Some in the audience were familiar with Mashangva’s three-decade long career, and recognised the folk verses woven into his lyrics and the elements of traditional Tangkhul music in his blues fusion style. One young woman told me she was a music teacher, and a big fan. “His music is so complete, no?” she said. I didn’t know what she meant precisely, but I felt instinctively that she was right.
MASHANGVA INVENTED HIMSELF as a musician during the 1980s and 1990s, at a time when the non-Bollywood music scene in urban Manipur was, as in many Indian cities, dominated by rock imported from the West. Long hair, tattered jeans and leather jackets were the markers of all things progressive.

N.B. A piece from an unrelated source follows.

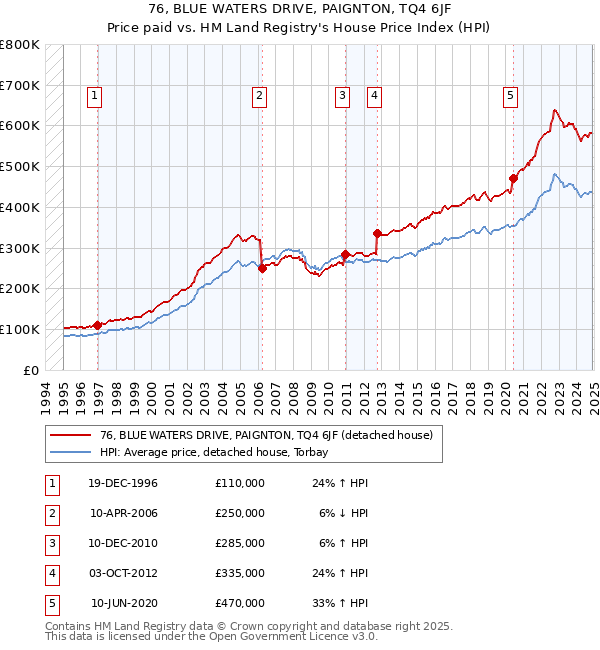 76, BLUE WATERS DRIVE, PAIGNTON, TQ4 6JF: Price paid vs HM Land Registry's House Price Index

In 2000, the Revolutionary People’s Front, one of Manipur’s oldest and most influential separatist groups, banned all Bollywood films and Hindi television channels in the state’s more urbanised valley districts.
Theatre owners quickly transformed their cinemas into shopping malls and educational institutions, and cable operators began airing foreign channels, particularly South Korean ones such as Arirang and KBS. Soon, a generation of urban Manipuri youth was living and breathing Korean culture: not just television serials, but also fashion, food, language, film and music.
Between Bollywood, hard rock and K-pop, popular culture in the state had little space for folk songs. In particular, it had very little space for any aspect of Hao—the vernacular term used by the Tanghkhul Naga, who form about seven percent of Manipur’s population, to encapsulate their indigenous belief system and way of life, and the term Mashangva uses to describe his own music.
In April, when I met Oinam Doren, a Meitei filmmaker who made a National Award-winning documentary on Mashangva, he was watching Arirang at his home in Kwakeithel, about a mile from Imphal’s Tulihal International Airport. Doren spent a year shooting Songs of Mashangva (2011) across four states, recording Mashangva’s attempts to recover fragmentary and fading aspects of Tanghkhul Naga music. Despite being a fan of South Korean television, Doren told me, “I have a strong conviction that had we been exposed early on to our culture and songs in an aesthetic way through the media, we would not have been so vulnerable to outside culture.”
Mashangva has been guided by a similar belief in his efforts to revitalise Tangkhul Naga culture. Though his music is steeped in Western blues and folk rock, he has earned the popular titles “king of the Naga folk blues” and “cultural ambassador of the northeast.” In 2004, the Ministry of Culture, under its Guru-Shishya Parampara scheme, gave him a more formal title: that of “Guru.”
The erosion of the forms Mashangva has sought to revive can be traced back over a little more than a century. In 1890, a midnight palace coup in Imphal, fuelled by a rivalry between two groups of Meitei princes, plunged their kingdom into conflict. The British intervened, and the situation escalated into the Anglo-Manipuri War of 1891. As the British government seized the opportunity to consolidate its hold over the region, William Pettigrew, a young Scottish missionary in Assam’s Chachar district, keenly followed the news from the neighbouring state.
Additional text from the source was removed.